[Data in this exercise]
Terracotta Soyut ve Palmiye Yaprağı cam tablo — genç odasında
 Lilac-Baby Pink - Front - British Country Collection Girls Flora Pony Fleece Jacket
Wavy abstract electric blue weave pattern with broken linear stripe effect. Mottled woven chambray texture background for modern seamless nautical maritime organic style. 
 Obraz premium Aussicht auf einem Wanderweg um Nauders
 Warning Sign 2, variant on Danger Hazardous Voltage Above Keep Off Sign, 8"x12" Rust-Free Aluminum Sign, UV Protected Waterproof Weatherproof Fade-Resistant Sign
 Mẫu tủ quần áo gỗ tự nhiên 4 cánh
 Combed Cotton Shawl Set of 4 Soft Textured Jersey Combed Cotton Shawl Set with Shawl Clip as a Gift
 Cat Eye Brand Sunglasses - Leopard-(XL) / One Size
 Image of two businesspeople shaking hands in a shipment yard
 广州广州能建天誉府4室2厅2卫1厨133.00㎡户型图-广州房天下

[About this exercise] Your answer must be an exact copy of all the entries.

[Result]
Terracotta Soyut ve Palmiye Yaprağı cam tablo — genç odasında
 Lilac-Baby Pink - Front - British Country Collection Girls Flora Pony Fleece Jacket
Wavy abstract electric blue weave pattern with broken linear stripe effect. Mottled woven chambray texture background for modern seamless nautical maritime organic style. 
 Obraz premium Aussicht auf einem Wanderweg um Nauders
 Warning Sign 2, variant on Danger Hazardous Voltage Above Keep Off Sign, 8"x12" Rust-Free Aluminum Sign, UV Protected Waterproof Weatherproof Fade-Resistant Sign
 Mẫu tủ quần áo gỗ tự nhiên 4 cánh
 Combed Cotton Shawl Set of 4 Soft Textured Jersey Combed Cotton Shawl Set with Shawl Clip as a Gift
 Cat Eye Brand Sunglasses - Leopard-(XL) / One Size
 Image of two businesspeople shaking hands in a shipment yard
 广州广州能建天誉府4室2厅2卫1厨133.00㎡户型图-广州房天下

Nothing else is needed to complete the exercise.